Pesan tersirat Mendagri
Sebelumnya, Menteri Dalam Negeri (Mendagri) Tito Karnavian juga perah menyebutkan bahwa penunjukan pj kepala daerah bisa jadi momentum untuk membuktikan sistem mana yang terbaik dalam memilih kepala daerah yang bebas korupsi.
"Ini juga menjadi pertarungan dan menjadi tes tentang sistem demokrasi kita, terutama di daerah. Mekanisme pemilihan kepala daerah yang mana yang baik, yang langsung ataukah dipilih DPRD, ataukah ditunjuk ini lah mekanisme ditunjuk ini," ungkap Tito dalam arahannya kepada 48 pj kepala daerah di kantor Kemendagri, Kamis (16/6/2022).
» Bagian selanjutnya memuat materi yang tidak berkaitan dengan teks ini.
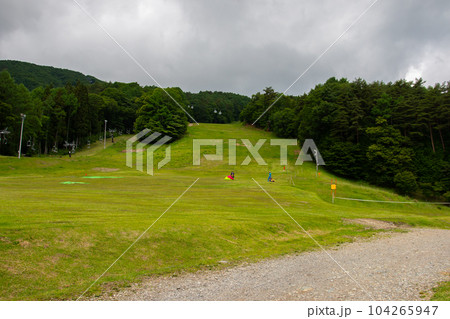 入笠山 入笠山 104265947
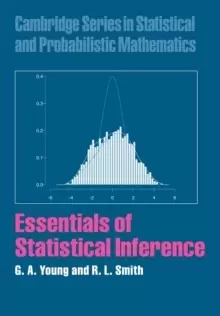 Image of Essentials of Statistical Inference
Tito menyebut, para penjabat kepala daerah semestinya tidak korupsi karena mereka menjabat tanpa biaya politik, tidak seperti pencalonan kepala daerah dari partai politik dalam proses pemilihan langsung oleh rakyat.
Baca juga: Aturan Pj Kepala Daerah, Pertaruhan Kemendagri untuk Jaga Demokrasi
Ia bahkan menyebutkan bahwa pilkada langsung memiliki dampak negatif karena setiap calon harus mengeluarkan uang banyak untuk ongkos tim sukses, kampanye, hingga mahar politik.
Ia mengingatkan para pj kepala daerah itu untuk menjaga diri dari tindakan korup karena bakal berdampak pada evaluasi sistem.
"Kalau ternyata, mohon maaf, ada yang sampai korupsi, konsekuensinya kepada sistem," ujar dia.
"Rekan-rekan menjadi duta untuk membuktikan bahwa salah satu mekanisme penunjukan, penugasan, itu bisa menekan tindak pidana korupsi. Ini lah tes bagi kita semua, tes kepada sistem," lanjut Tito.
Aditya tak menampik bahwa kemungkinan itu bisa saja terjadi, bahwa kepala daerah yang ditunjuk langsung oleh pemerintah pusat peluang korupsinya lebih rendah. Sebab, di atas kertas, mereka menjabat tanpa biaya politik.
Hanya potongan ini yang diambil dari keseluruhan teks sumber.